Transcriptional Regulation Group
The field of transcriptional regulation has gone through a rapid development over the last couple of years. This is due to the plethora of whole-genome sequence data and the functional genomics data on gene expression, DNA-binding proteins, and epigenetics, which have become available (e.g., the ENCODE data). The group works on exploiting this data for the purpose of gaining a better understanding of transcriptional regulation in eukaryotes. The main questions lie in the identification of the regulatory sequence motifs and the interplay between epigenetic marks and regulation. To this end, we develop methods and analyse particular data sets. The ultimate goal is to unravel biological networks and pinpoint possible transcriptional mechanisms behind the interactions.
Sequence-based gene regulation
[Morgane Thomas-Chollier, Matthias Heinig, Jose Muino, Meng Guofeng, Jonathan Göke, Annalisa Marsico]
For many years, our group has worked on developing methods to predict transcription factor binding sites from sequence motifs (the TRAP method, Roider at al., Bioinformatics 2007) and to find common motifs among co-expressed promoters (the PASTAA method, Roider et al., NAR 2009, together with Stefan Haas). This has also led to an interest in regulatory mutations, the recognition of which is the goal of the sTRAP method (Manke et al., Hum Mutat 2010). The software that has resulted from these efforts has been summarized in a Nature Protocol paper (Thomas-Chollier et al., Nat Prot 2012) and is available via a web server. A number of collaborative projects have profited from our expertise in this area, most notably the project with Norbert Hübner, Max Delbrück Center for Molecular Medicine (MDC), Berlin, on eQTLs (Heinig et al., Nature 2010) and within the department the projects with Sebastiaan Meijsing (see his report). Jose Muino has analysed regulatory circuitry in plants (e.g., Schiessl et al., PNAS 2014).

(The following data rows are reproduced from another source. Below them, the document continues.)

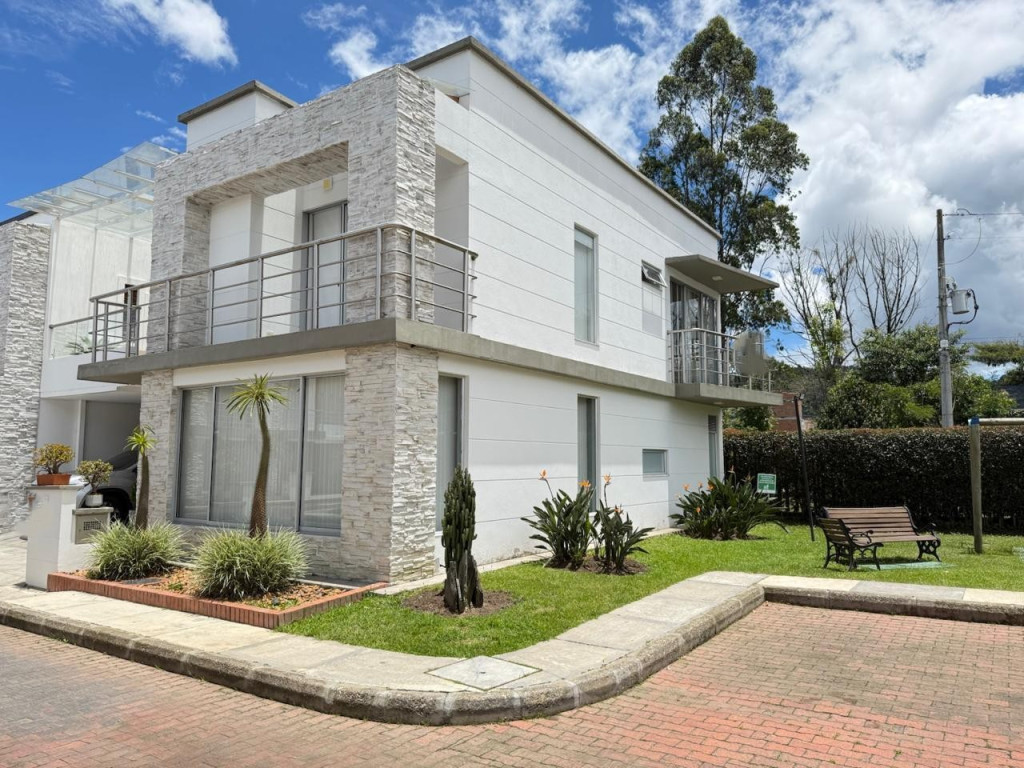 Casa disponible para Venta en La Ceja Sector Viva Foto numero 1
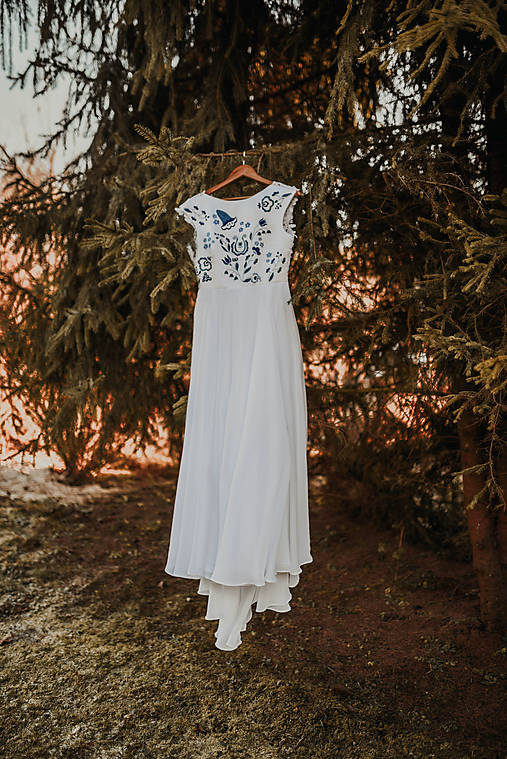 Svadobné šaty s modrou výšivkou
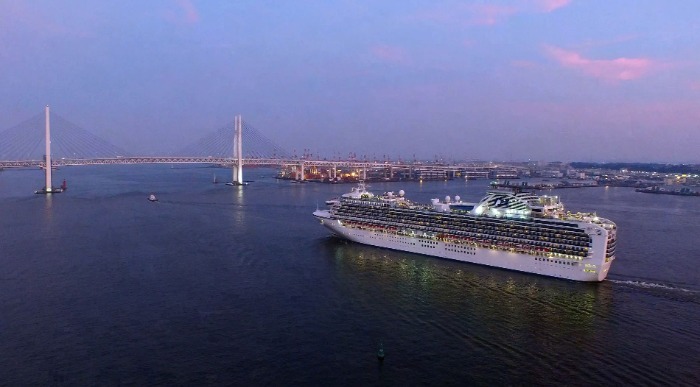 Diamond Princess ladja pluje pod mostom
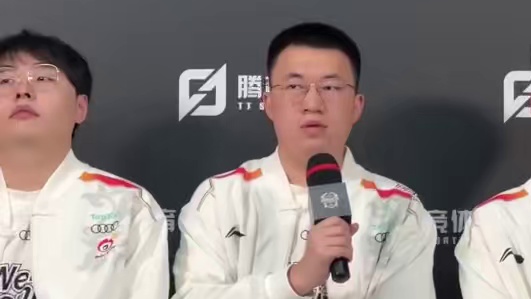Q：对于新的赛季有什么目标或者期待吗？Xiaohu：目标就是不管是哪个赛段都想去争取前二名，然后争取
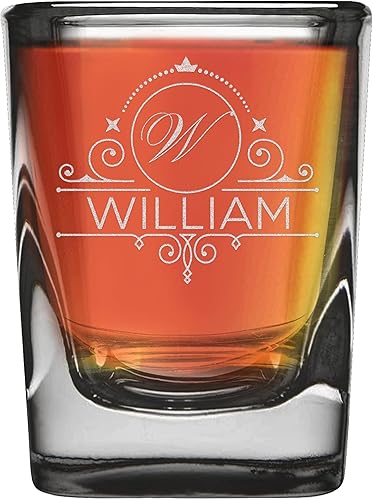 Monograma personalizado grabado cuadrado con base pesada de 2 onzas con caja de regalo vaso de chupito de prisma personalizado con nombre e inicial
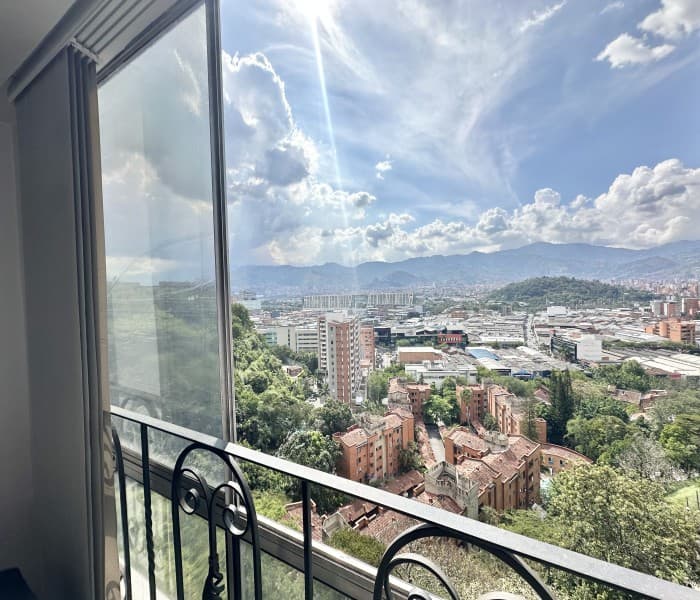 Apartment for Sale in the San Diego Neighborhood, Poblado, Medellín—Urb Portal de San Diego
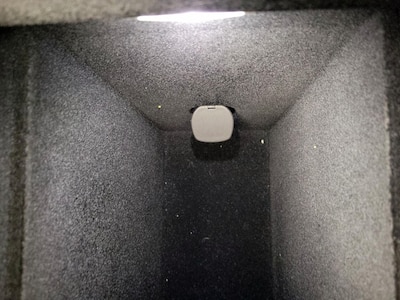 USB/AUX Ports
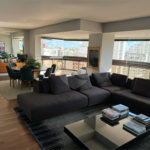 Apartamento 193m² locação no Paraíso, 3 suites, escritório, varanda, reformado, mobiliado, 4 vagas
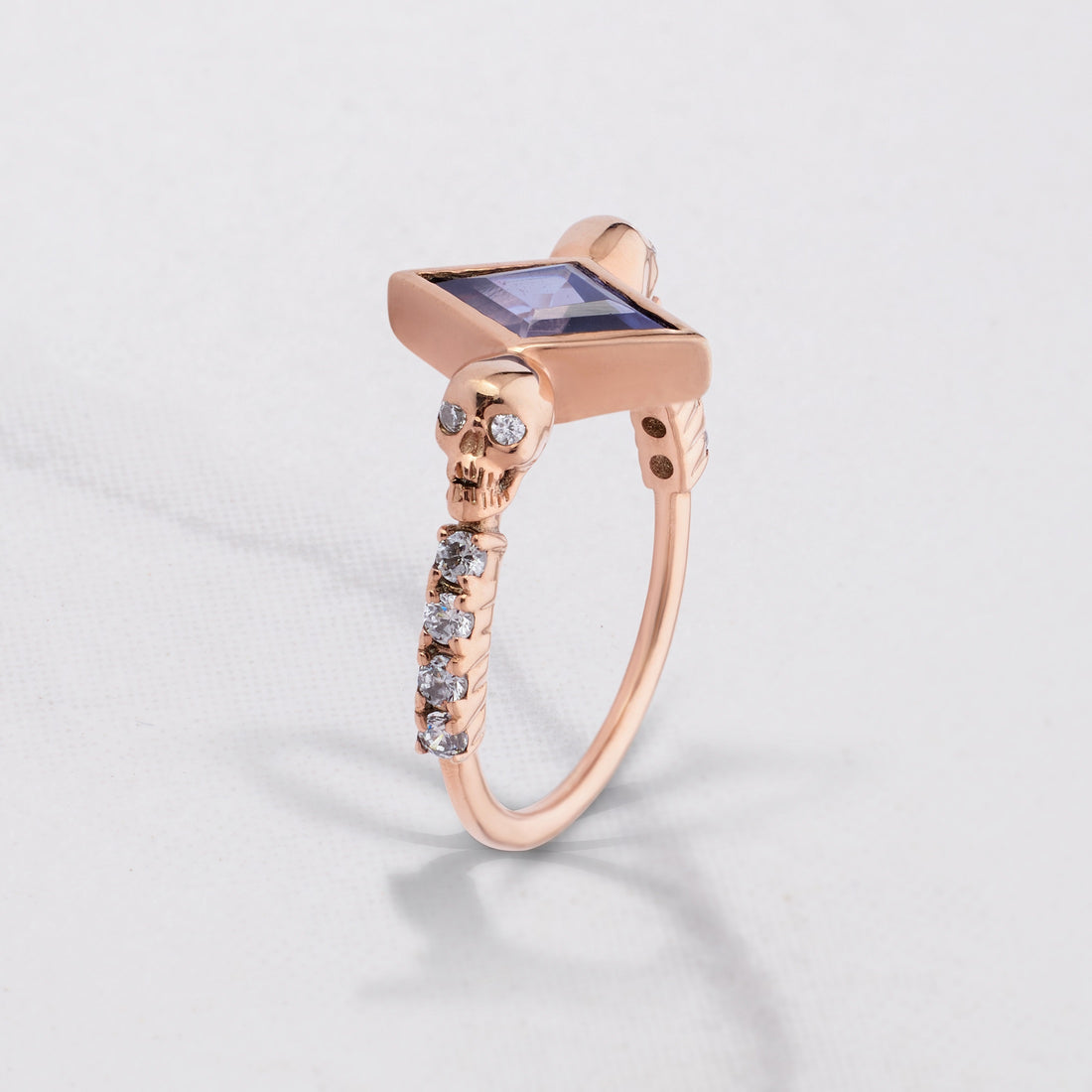 Blue Titanic Gemstone Skull Ring Set Gothic Engagement Wedding Ring Rose Gold Kite Cut
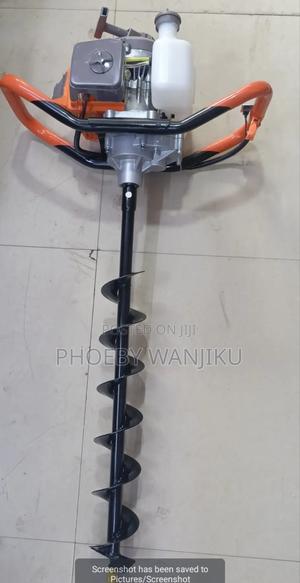 Commercial and Industrial Earth Auger Machine - thumbnail 2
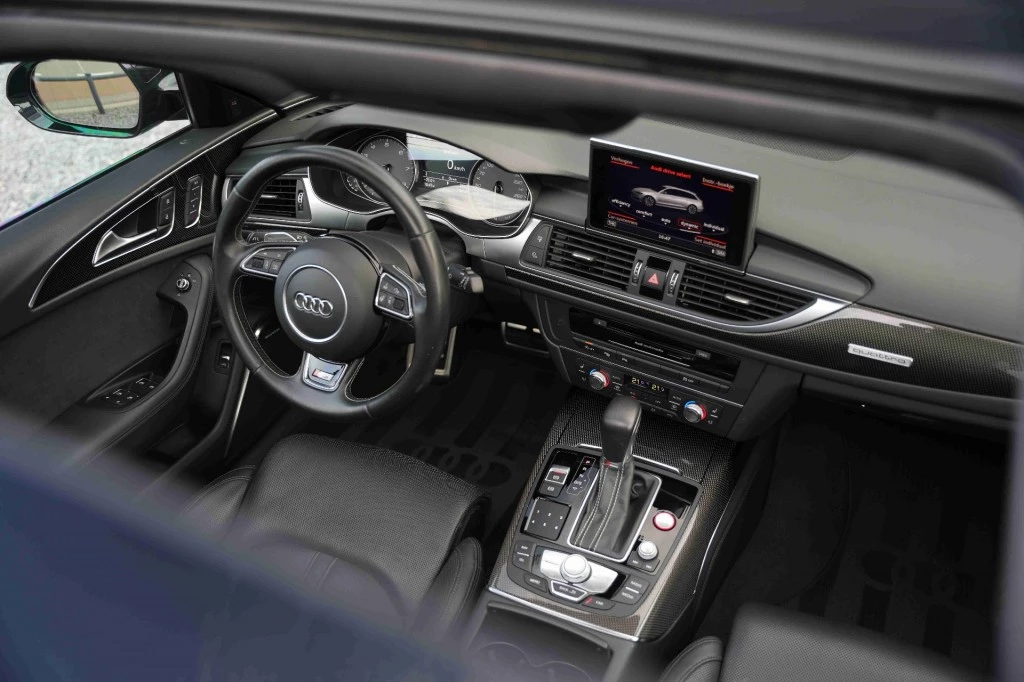 Hoofdafbeelding Audi S6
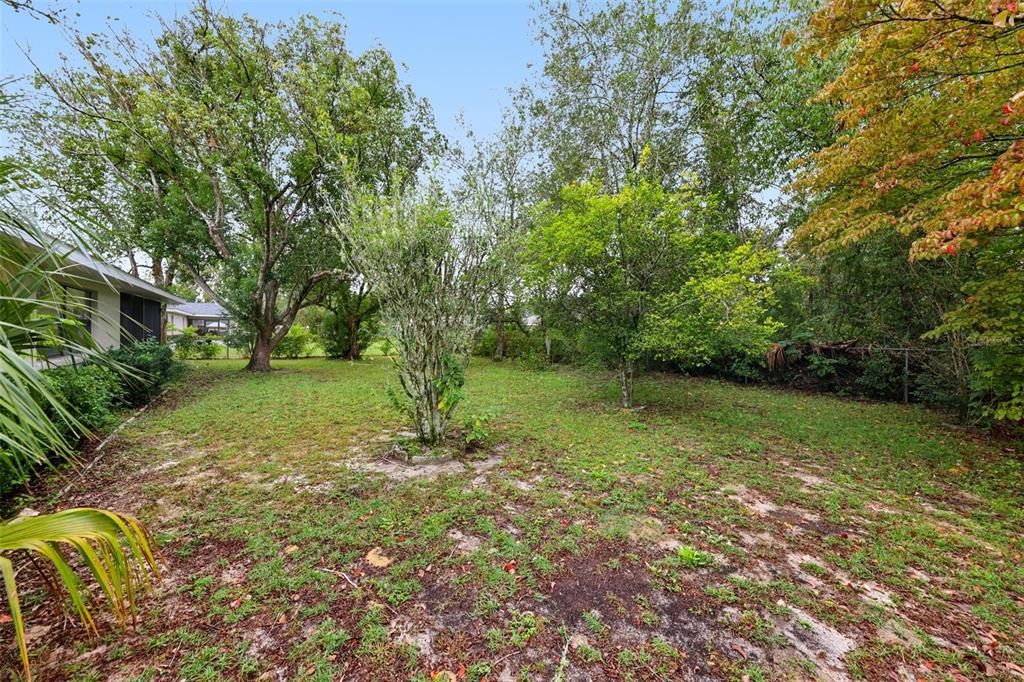 Active With Contract: $249,900 (3 beds, 2 baths, 1402 Square Feet)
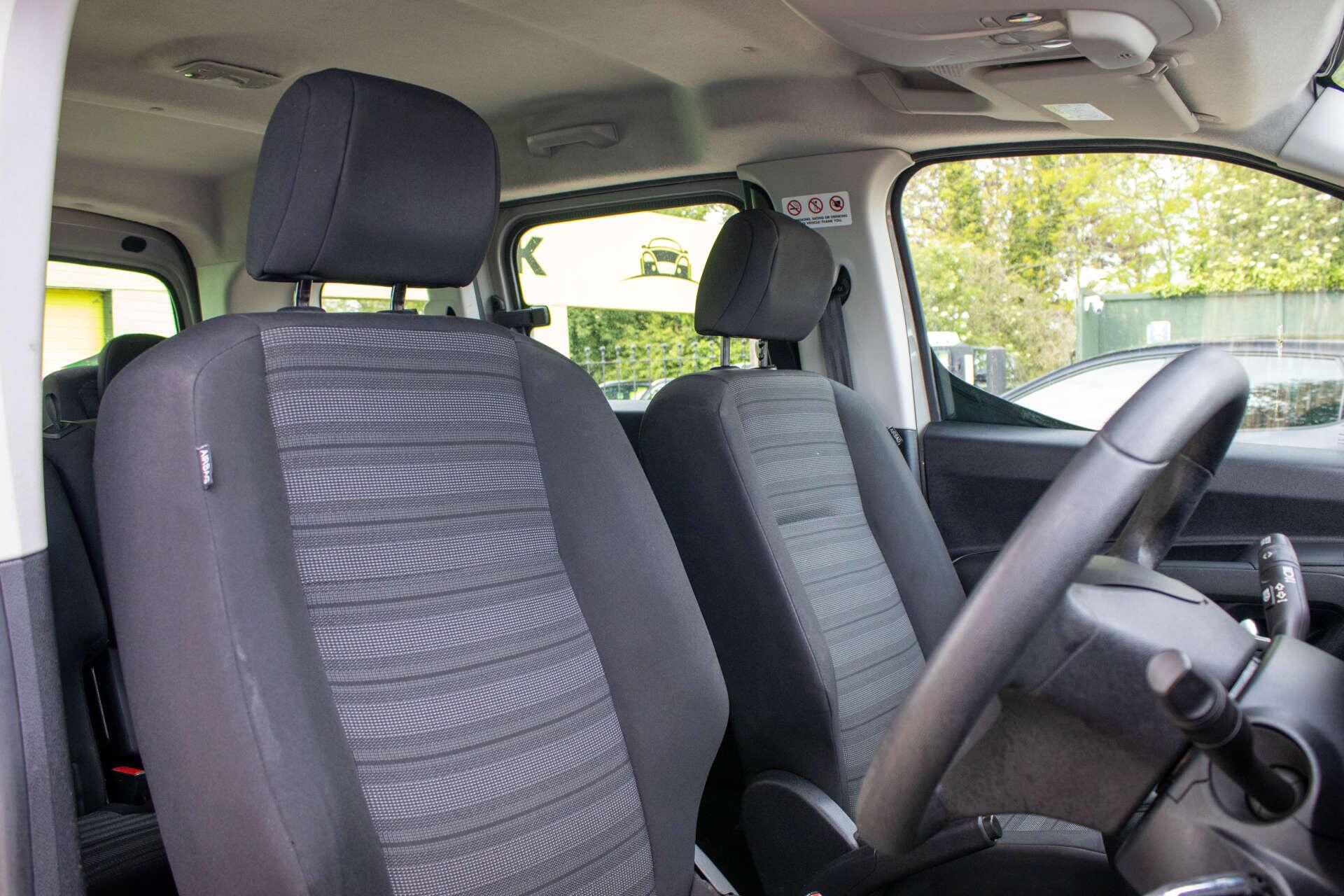 Vauxhall Combo Life view 8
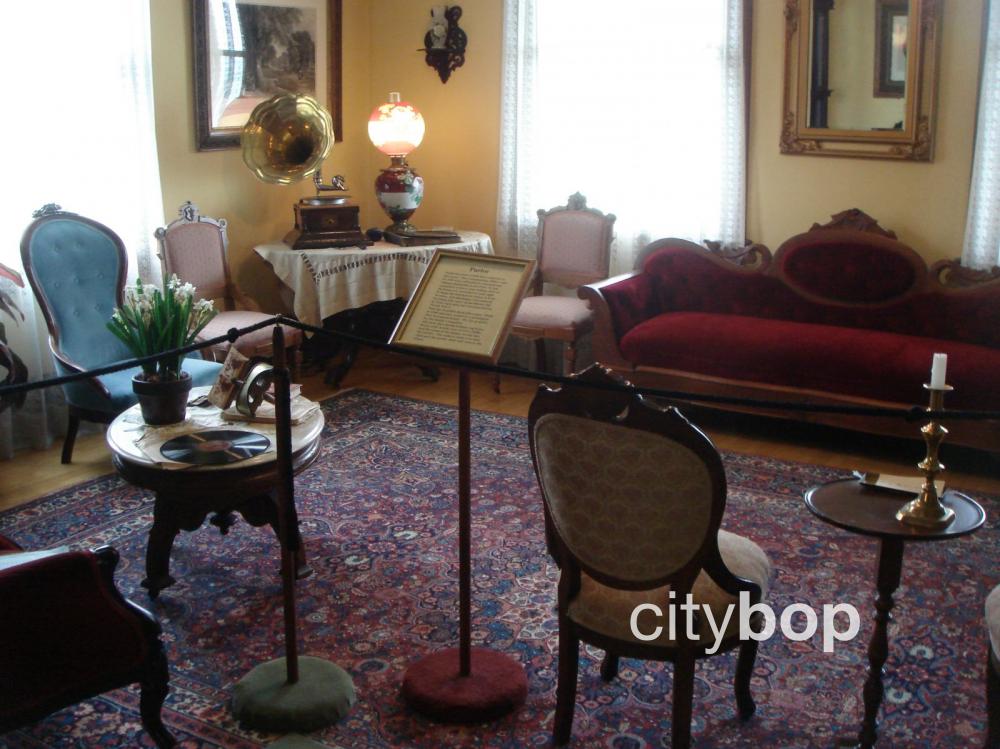 Sitting room at Commanding Officers' Quarters Museum at Fort Worden.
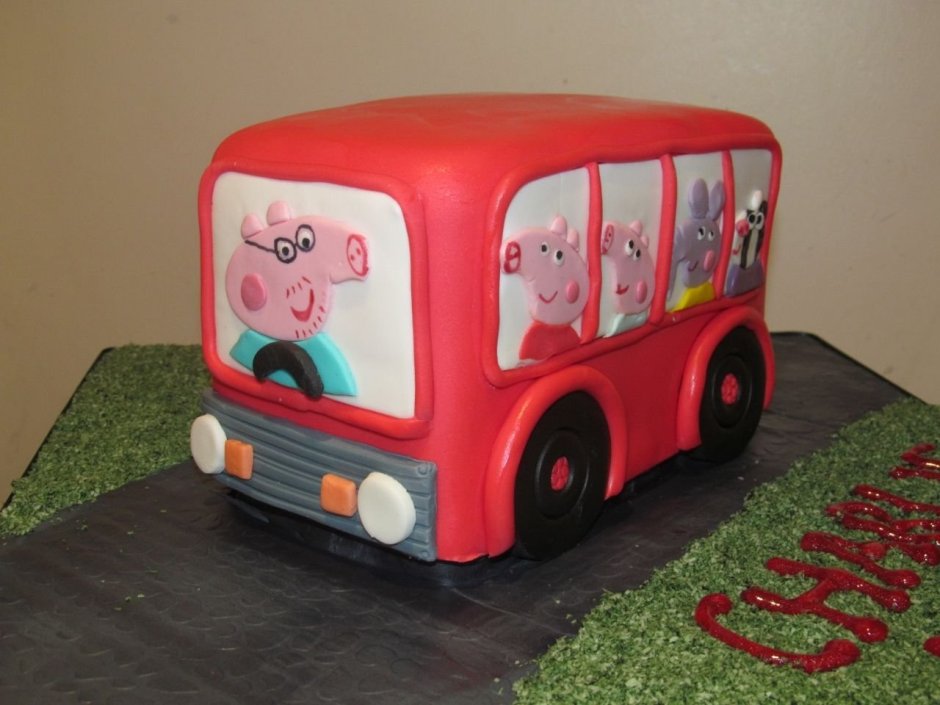 Торт с картинкой автобуса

For many years, there had been the hope that the sequence-based prediction of regulation would allow us to understand a large part of the transcription factor–target relations. However, the increasing amount of tissue- and condition-specific functional data have made it apparent that cellular processes are much more dynamic and that sequence alone may (in part) be a prerequisite for regulation, but is by no means sufficient to explain gene expression. While this trivial realization has led to an increased push to understand epigenetic regulation, we have also used gene expression data in addition to sequence patterns for prediction of transcription factor–target relationships (Meng & Vingron, Bioinfomatics 2014). Likewise, in collaboration with Huck-Hui Ng, Genome Institute of Singapore (GIS), careful analysis of gene expression patterns together with transcription factor binding has led to the unravelling of a network of different ERK signalling pathways (Göke et al., Mol Cell 2013).
In the context of a DFG-funded collaboration (Transregio SFB) with Bernd Schmeck (initially at Charité and recently at Marburg University), we are studying miRNAs, their regulation, and their targets. In particular, in the case of miRNAs it is very difficult to tell where the promoter lies, because even in the sequencing data the 5’ end of the gene is usually not visible due to the processing of the miRNA. Again, other information beyond the usual promoter elements needs to be taken into account. Annalisa Marsico developed a promoter recognition method for miRNAs that utilizes CAGE data in conjunction with machine learning algorithms to extract the promoters of the miRNAs (the PROmiRNA method, Marsico et al., Genome Biol 2013). This was within collaboration with Ulf Ørom from the Otto Warburg Laboratory, whose group tested predictions experimentally. Annalisa Marsico has meanwhile become an Assistant Professor at the Freie Universität (FU) Berlin. Within a cooperation between MPIMG and FU, she now leads her own group at the MPIMG.